2016年2月 vol.172

2016年02月10日

 立春が過ぎ、心なしか寒さも和らいできたような気が致します。それでも、ここは東北仙台。二月いっぱいは寒さに注意が必要です。皆様、風邪などひかぬようご自愛下さい。


 私はここ数年来、友人に誘われ節分の厄払いに参加しております。続けていると、これも気のせいか運気が向上しているような気がするわけです。余談ですが、中国では旧正月にあたる春節に水餃子を食する習慣があるそうです。日本でいう年越しそばのようなものだと思うのですが、水餃子を食べると富をもたらすとか子孫繁栄といったご利益が得られるそうです。今年の春節は2月8日からのようですので是非ご家庭で試してみて下さい。
 

 さて、その中国ですが、経済の減速が見られるのは今に始まったことではありません。既に中国政府はこれまでの高度成長を中成長に転換することを宣言しており、世界経済への影響が懸念されております。火種は中国国内だけの問題にとどまりません。マスコミが取り上げる日本国内での爆買いなどというのは対中貿易の規模からみれば大きな数字ではありませんが、対中向けの輸出産業が受けるダメージは深刻です。また、中国への依存度が高いアセアン諸国、資源バブルがはじけた国々などがそれぞれにリスクを抱えており、リーマンショック後に先進国の経済を下支えしてきた新興国経済が狂い出せば、世界経済への影響は回避できません。前回もお話しましたが、日本経済は底堅い感じがするのですが、諸外国の外的要因ばかりは防ぎようがありません。
 

 これに対し、予防線を張るかのように日銀はマイナス金利を打ち出しましたが、果たしてどれだけの効果が得られるのでしょうか?昨年後半は、金融庁が金融機関に対し不動産融資の比重をけん制する動きを見せておりますが、マイナス金利が続けば、銀行は不動産融資に積極的に融資せざるを得ないのではないでしょうか。結局のところ、企業は比較的業績が良いため、ある程度の資金は自己資金で対応することができますし、そもそも国内市場への将来不安から設備投資自体に消極的なわけです。良く聞く話ですが、銀行が貸したいところには資金が潤沢で、本当に資金を必要としている先には貸し倒れリスクがつきまとうので貸せない。
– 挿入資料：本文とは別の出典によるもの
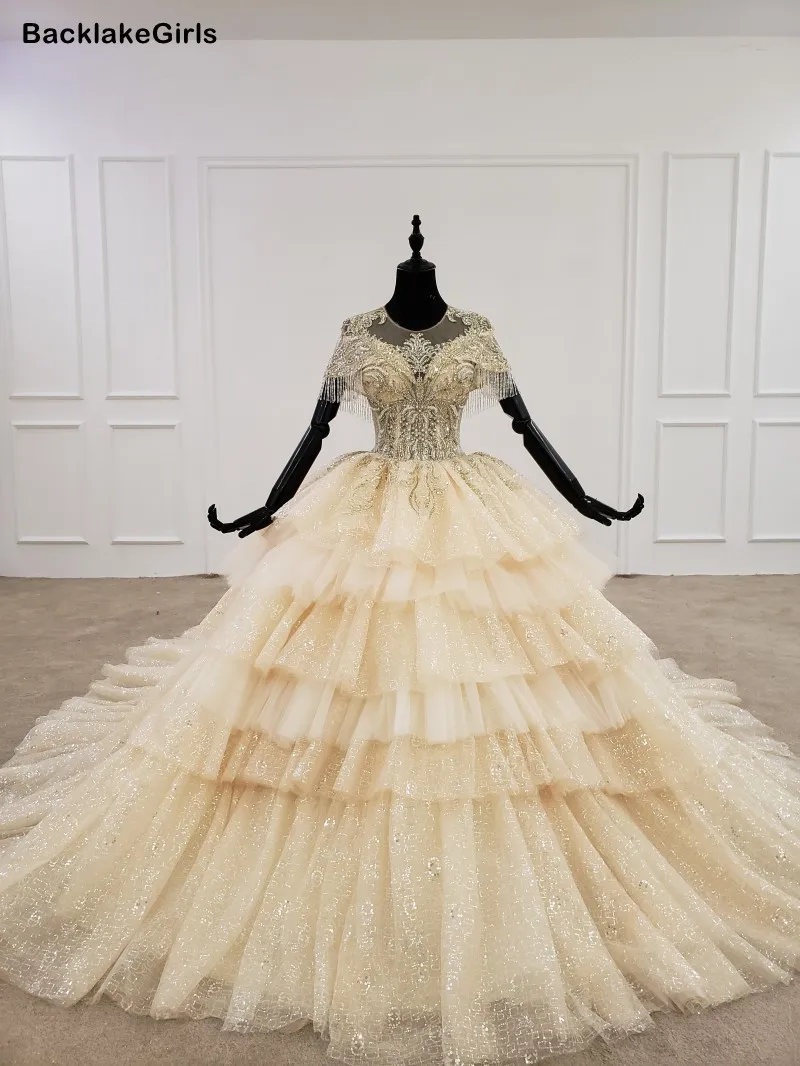 Многоуровневое свадебное платье цвета шампанского золотого на шнуровке сзади с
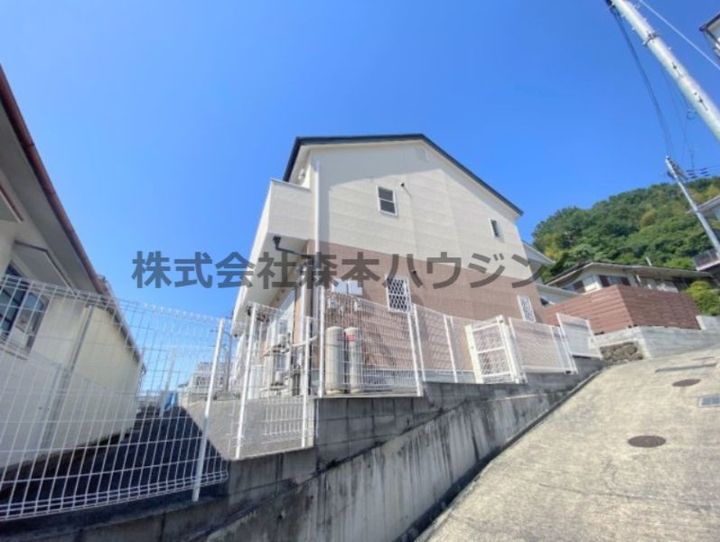 ザハウスオブマダムジュエルC2棟 2Fの外観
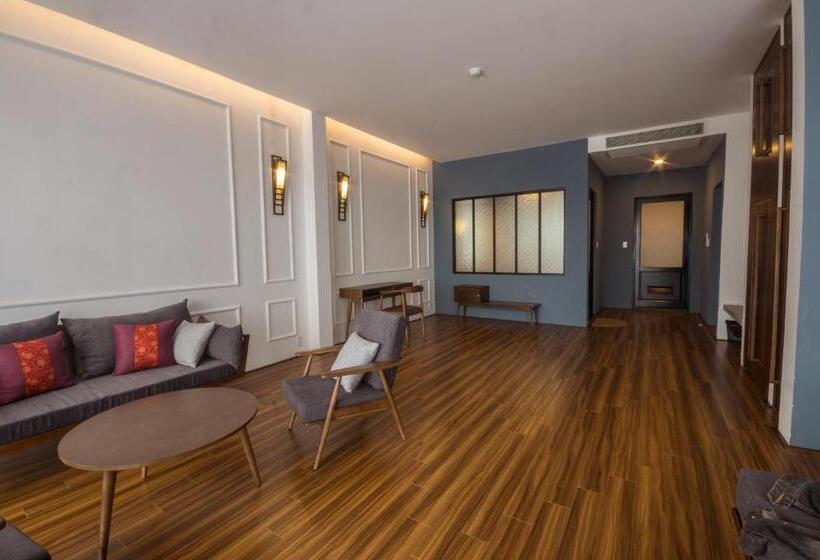 Suite with Terrace, Danang Boutique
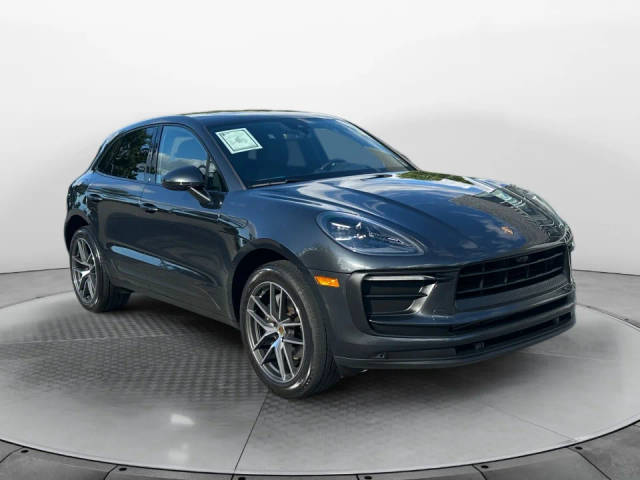 2022 Porsche Macan AWD photo
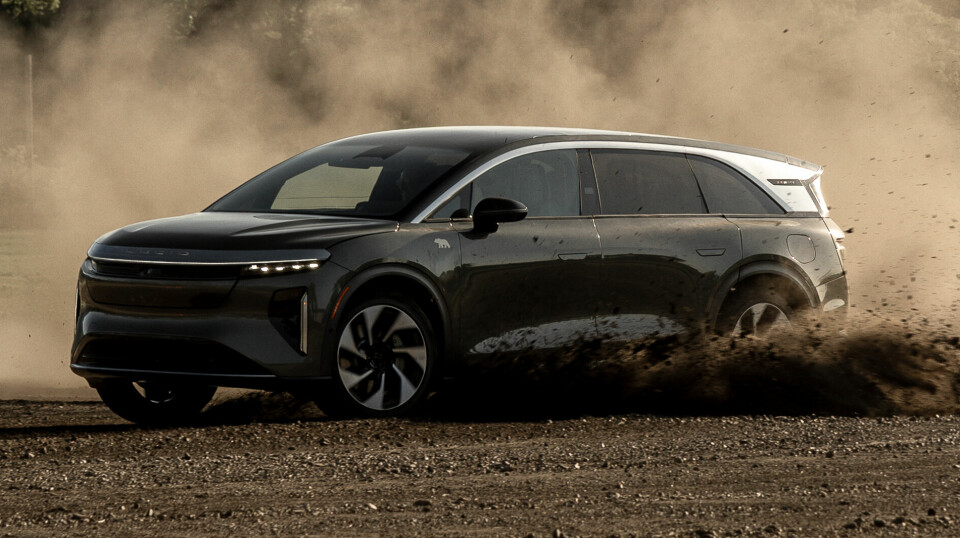 OPPTIL 800 HESTER: Gravity er utstyrt med to motorer og firehjulsdrift. Grand Touring-versjonen har en effekt på over 800 hk og skal greie sprinten på 3,6 sekunder. Bremsene er utviklet i samarbeid med Brembo.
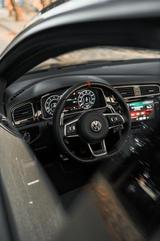 Volkswagen Golf GTI TCR DSG / Pretoria / DCC / VMAX / Dyn - : Vmax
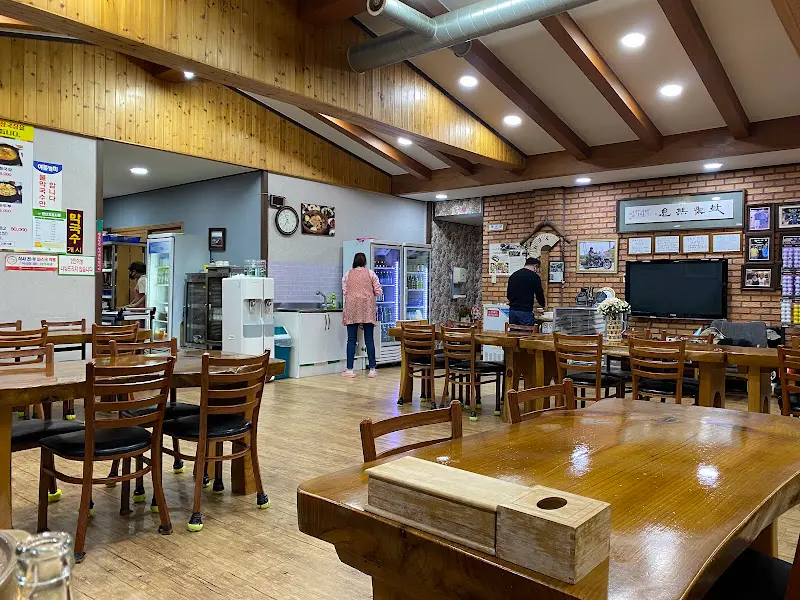 넓고 깔끔한 실내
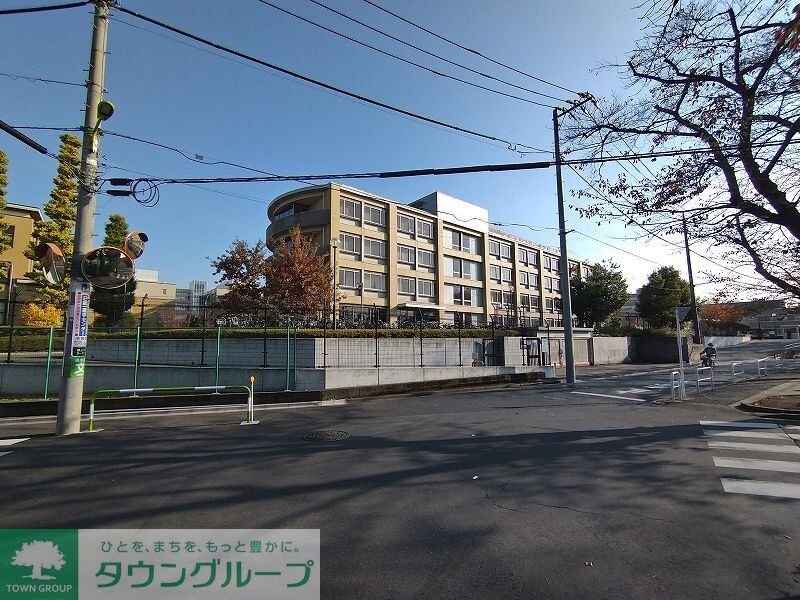 レオネクストディヴェルソの物件内観写真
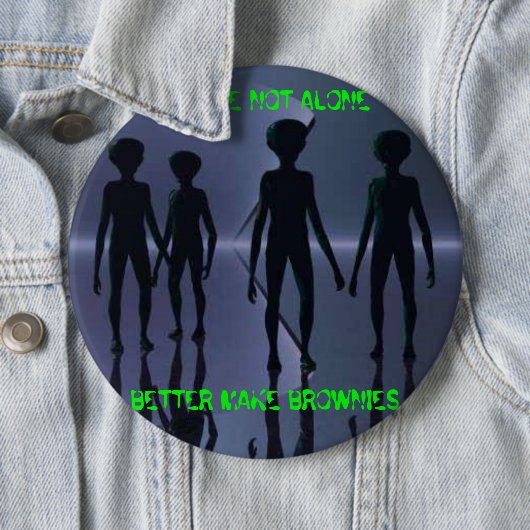 WE ZIJN NIET ALLEEN — Button (In situ)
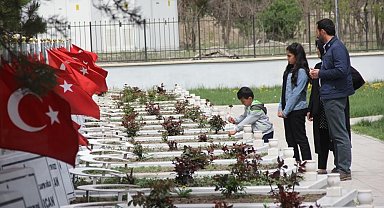 Ramazan Bayramı arefesinde mezarlıklar ziyaretçiyle doldu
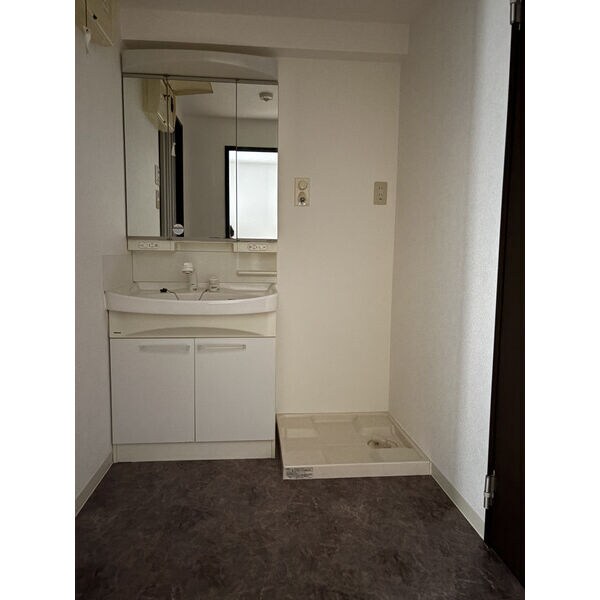 フォレシティ新栄の物件内観写真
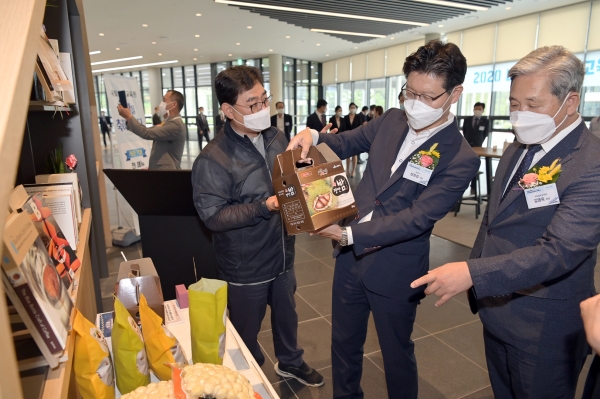 공주시, 자활근로 청년사업단 1호 카페 182 오픈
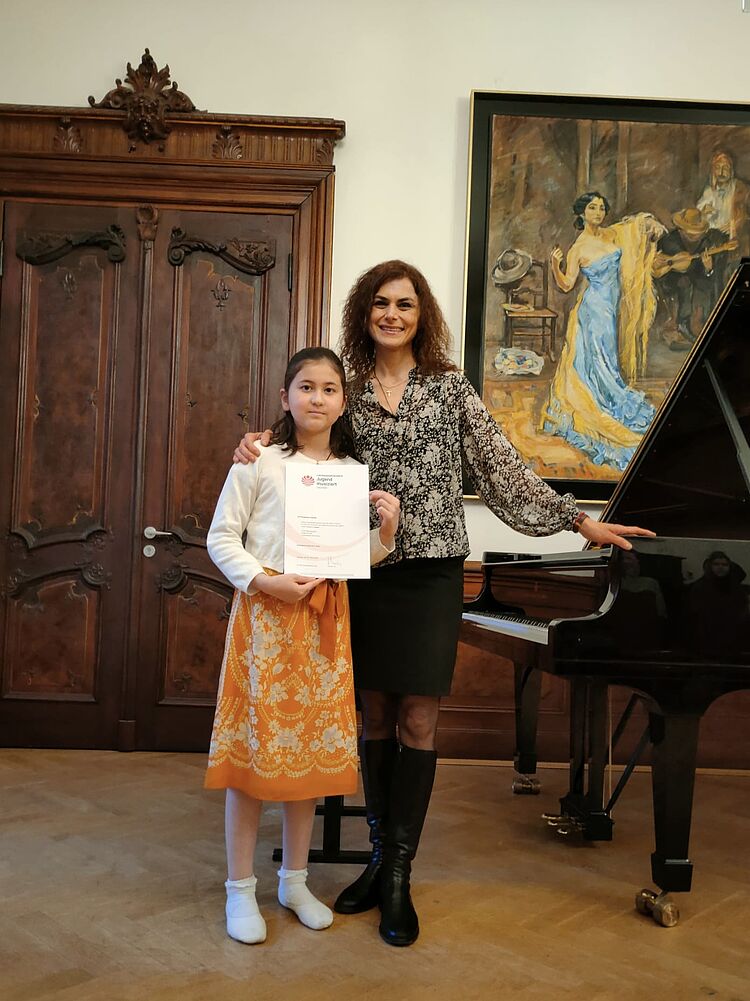 Yori Gubarew (links) und Mirjana Rajić/Foto: Mirjana Rajić Yori Gubarew (links) mit ihrer Klavierlehrerin Mirjana Rajić, zum Aktuelles-Beitrag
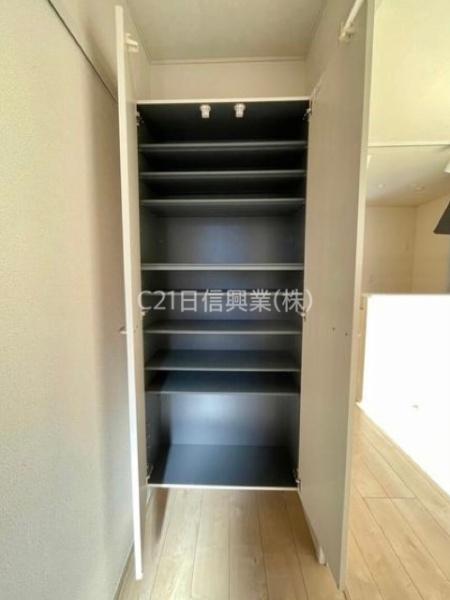 新宿区市谷加賀町２丁目のアパート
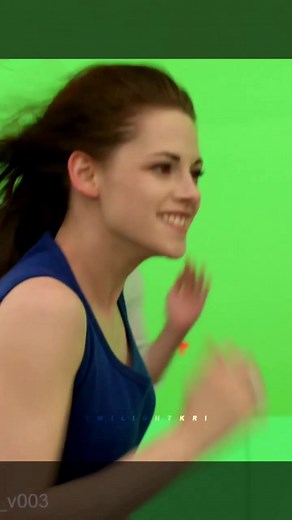 1.7M views · 17K reactions | Twilight saga behind scenes 懶❤️ tags: #twilight #thetwilightsaga #twilightsaga #breakingdawn #twilightkri #keshavsingh #eclipse #newmoon #kristenstewart #robertpattinson #taylorlautner #stepheniemeyer #bellaswan #edwardcullen #jacobblack ] | twilight.kri | Facebook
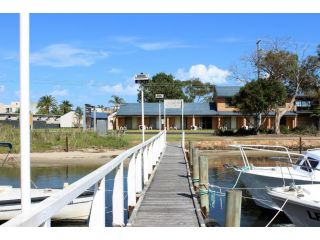 Lakeside Motel Waterfront Hotel, Lakes Entrance - 2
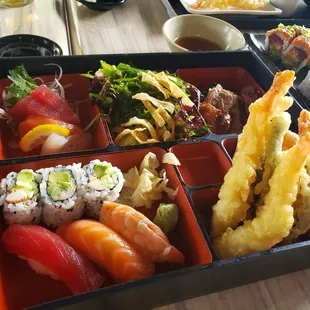 Deluxe Bento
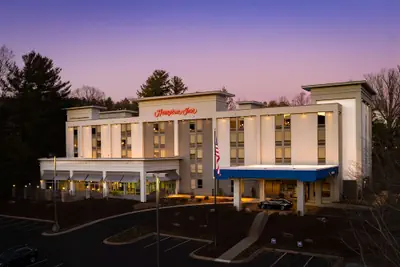 Photo 2 - Hampton Inn Asheville-Tunnel Rd.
そうすると金余りが解消されず、資金がダブつき、銀行は準備預金を日銀に預けると逆に利息がかかりますので安全な国債などの投資に回り、国債の利回りの低下にもつながります。
 

 となると、比較的担保が確保でき安全な不動産融資に資金が回るのではないかと思います。奇しくも時代は相続税の改正に伴い、富裕層の間では相続対策の一環として不動産投資が積極的に行われております。投資環境としては、地価と建築費の高騰を補完するかのように昨今の低金利と景気回復による賃料の上積みがあります。仮に事業単体で収益性が確保できない場合でも、事業主の資産背景を担保に資金はどんどん供給されます。
 

 不動産投資というと真っ先に思い出されるのが総量規制です。総量規制とは、1990年に土地の高騰を懸念した当時の大蔵省が金融機関に対し不動産向け融資の抑制を通達した行政指導のことを指します。規制が解除されるまでの2年余りの間に土地高騰の抑制どころか、バブル崩壊の引き金となったと言われています。しかし、今回のバブルの主役は投資会社や一部の富裕層に限りなく集中しているため、総量規制のような動きには至らないのではないかと思います。
 

 私が懸念するのは、昨年後半あたりからの株安により、前出の主役たちの投資マインドに少なからずマイナスの影響を及ぼしているのではないかということです。これまでのマーケットは先高感による期待感と安心感、乗り遅れないようにとの心理が下支えしていたと言って異論を挟む人は少ないでしょう。ところが、相場が調整局面に向かうと様子を見る傾向が強くなり、連鎖的に取引が低迷すれば更に市場に資金がダブつくという構図になりはしないでしょうか。今後の市場から目が離せません。